Timothy Tyler foi condenado à prisão perpétua; ele passou 26 anos preso e, em 2018, conseguiu a liberdade  - Arquivo pessoal
Timothy Tyler foi condenado à prisão perpétua; ele passou 26 anos preso e, em 2018, conseguiu a liberdade Imagem: Arquivo pessoal

Juliana Carpanez

Do UOL, em São Paulo

05/08/2018 04h01

Timothy Tyler tem cabelos loiros, compridos, usa camisetas com visual hippie e curte a banda Grateful Dead, formada em 1965 na Califórnia (EUA). Em 2018, Tyler está aprendendo a usar um telefone celular, grava tudo o que vê pela frente e impressiona-se com tecnologias já bem conhecidas (“você tira uma foto e manda para o outro lado do mundo de um jeito simples, fácil”). Aos 49 anos, parece que o norte-americano nascido em Connecticut passou as últimas décadas parado no tempo. E, de certa forma, foi isso o que aconteceu.

Um resumo de sua história, nas palavras do próprio. “Em 1992 eu ia a uma apresentação da Jerry Garcia Band, do líder do grupo Grateful Dead. Estávamos na estrada para Los Angeles quando o carro do cara quebrou. Eu tinha tomado LSD e, com muito calor, tirei as roupas. A polícia parou, perguntou nossos nomes e, quando disse o meu, fui preso. Em vez de ir ao show, recebi duas condenações à prisão perpétua. Se hoje tenho a sorte de estar aqui, dando essa entrevista, é principalmente porque minha irmã nunca desistiu de mim.” Voltaremos a esse episódio mais para a frente.

A conversa por telefone foi na casa de sua irmã, Carrie, na cidade de Las Vegas, no último dia 30 de julho. Mais precisamente 26 anos após sua prisão. Ou oito dias após Tyler ser solto --até 30 de agosto deste ano, quando estará oficialmente livre, ele ainda terá horários controlados de saída e usará uma tornozeleira eletrônica. Nada demais para quem ficou metade da vida preso, sem nenhuma perspectiva de soltura durante décadas. 
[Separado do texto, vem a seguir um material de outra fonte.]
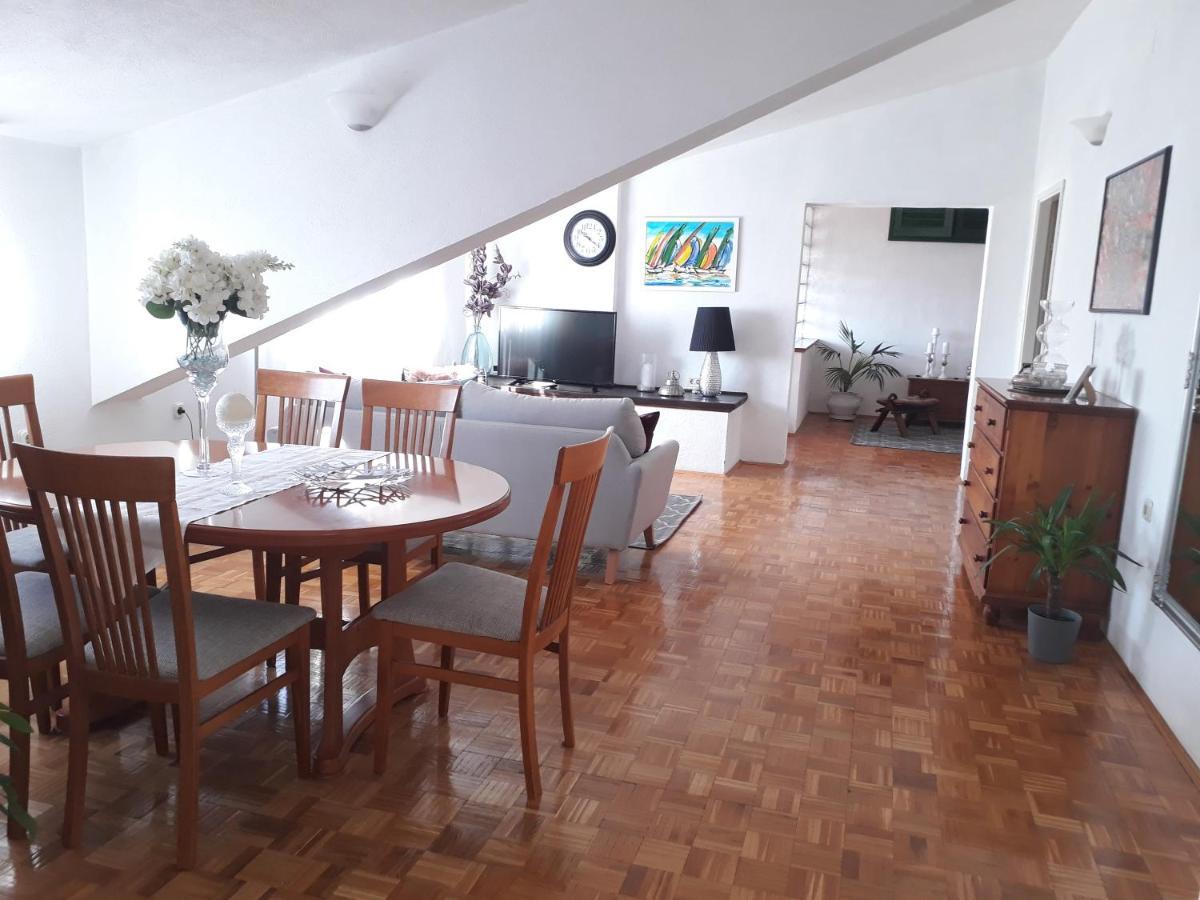 Apartments And Rooms Villa Dona Makarska Bagian luar foto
Timothy Tyler jovem - Arquivo pessoal  - Arquivo pessoal
Tim acompanhou os fãs em seis shows, do lado de fora, antes de finalmente ver a banda
Imagem: Arquivo pessoal

A grande família

A história começa em 1988, quando Tim (assim ele é chamado), aos 19, viu os fãs do Grateful Dead acampados em Hartford para três shows na primeira semana de abril, todos esgotados. Ele não assistiu às apresentações, mas curtiu a movimentação do lado de fora. Na semana seguinte, viajou de carona com um amigo até Boston e acompanhou novamente os fãs acampados para outros três shows, ainda sem saber o que aqueles músicos tocavam.

Foi lá que comprou o ingresso para uma apresentação em Illinois, também em abril, onde acabou indo de carona com caminhoneiros que encontrou no caminho. Pela forma como conta, dá a entender que foi fácil percorrer aqueles 1.500 km: “Fui até as paradas de caminhão e, viajando com apenas dois caminhoneiros, cheguei ao destino em tempo recorde”.
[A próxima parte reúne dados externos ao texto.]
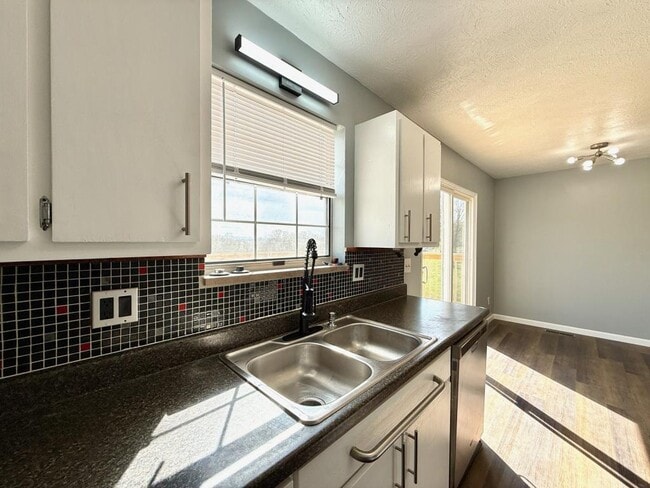 Building Photo - 275 Stone Dam Rd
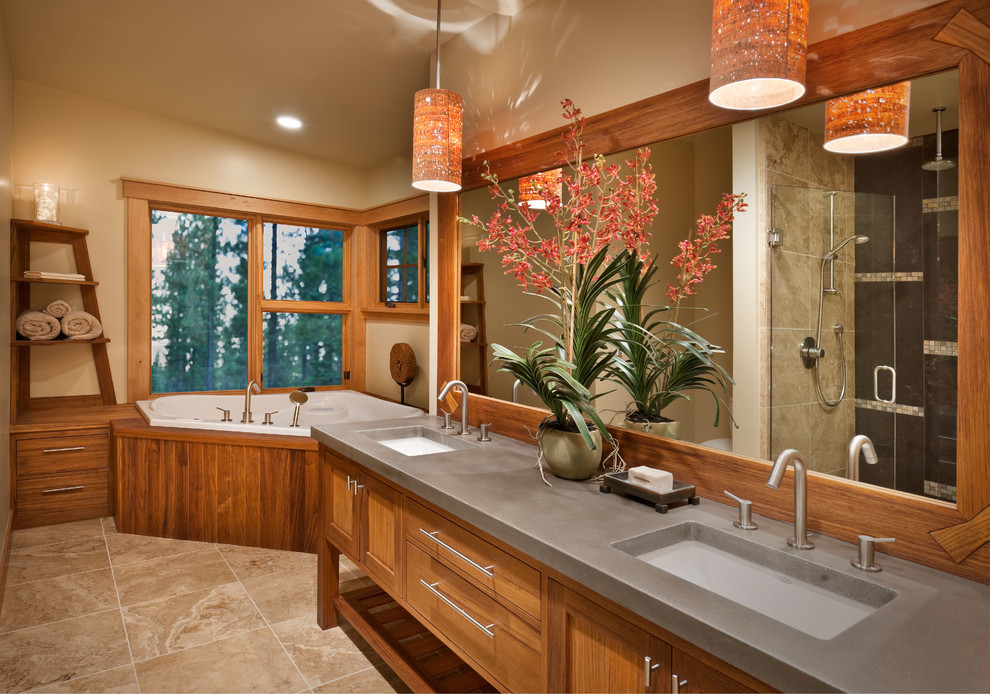 Idéer för ett rustikt grå badrum, med ett undermonterad handfat, skåp i mellenmörkt trä, ett platsbyggt badkar, beige väggar och skåp i shakerstil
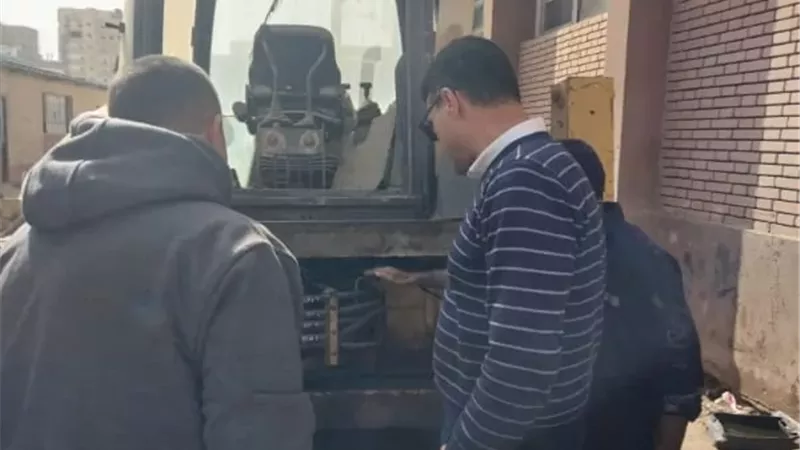 رئيس مياه القليوبية يتابع أعمال ورشة صيانة المعدات والسيارات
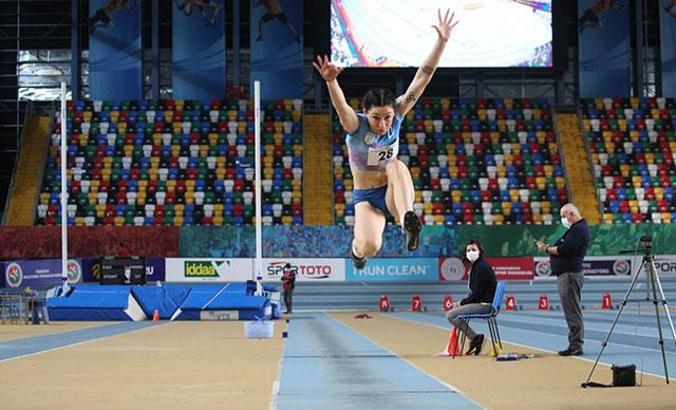 Milli atlet Tuğba Danışmaz, Türkiye rekoru derecesini yükseltti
Quando finalmente entrou no show do Grateful Dead --o primeiro de dezenas que viria a assistir nos próximos quatro anos--, alguém logo lhe ofereceu LSD (ácido lisérgico) gratuitamente. Ele tomou, sua vida mudou. “Parece que encontrei algo que estava buscando desde os meus 11 anos. Foi como se eu tivesse encontrado uma família da qual eu sentia saudades, mas nem conhecia. Daquele dia em diante, aquela era a minha vida.”

Essa família tinha sobrenome. Eram os Deadheads, fãs do Grateful Dead que deixavam suas antigas vidas para trás e formavam uma comunidade itinerante, com ares hippie, em plenos anos 80 e 90. No documentário “The Other One: The Long Strange Trip of Bob Weir” (O Outro: A Longa e Estranha Viagem de Bob Weir, em tradução livre), da Netflix, o cofundador e guitarrista fala sobre o uso de ácido, comum entre os integrantes da banda. E também explica quem eram os Deadheads, grupo que Tim adotou e pelo qual foi adotado. 
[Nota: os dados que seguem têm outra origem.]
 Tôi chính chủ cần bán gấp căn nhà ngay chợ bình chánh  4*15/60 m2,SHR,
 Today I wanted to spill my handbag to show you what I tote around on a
Começamos a entender que nossos fãs eram diferentes quando passamos a ver os mesmos rostos na primeira fila em todas as noites de uma turnê. Ficou mais claro quando começamos a ver barracas montadas no estacionamento. Percebemos que tínhamos um séquito meio cigano [...], que nos seguia e criou sua própria sociedade
Bob Weir, guitarrista do Grateful Dead 

Apresentação da banda Grateful Dead no Ano Novo de 1978, em San Francisco  - Michael Zagaris/AP - Michael Zagaris/AP
Apresentação da banda Grateful Dead no Ano-Novo de 1978, em San Francisco
Imagem: Michael Zagaris/AP

Psicodelismo em preto e branco

O padrasto de Tim lhe deu um caminhãozinho velho, com o qual ele cruzou o país seguindo a banda. Sua nova “família” lhe apresentou o veganismo --dieta que mantém até hoje, mesmo tendo passado tanto tempo na prisão, onde a base de sua alimentação era aveia e maçãs. No acampamento dos Deadheads, vendia bolinhos fritos. Às vezes os dava ou cobrava quanto seus “irmãos e irmãs” pudessem pagar. “Eu vendia várias coisas, era uma espécie de empreendedor. Aquilo era a única forma de liberdade real, dava para ganhar o suficiente. Ou pelo menos você viajava com aquela grande família.”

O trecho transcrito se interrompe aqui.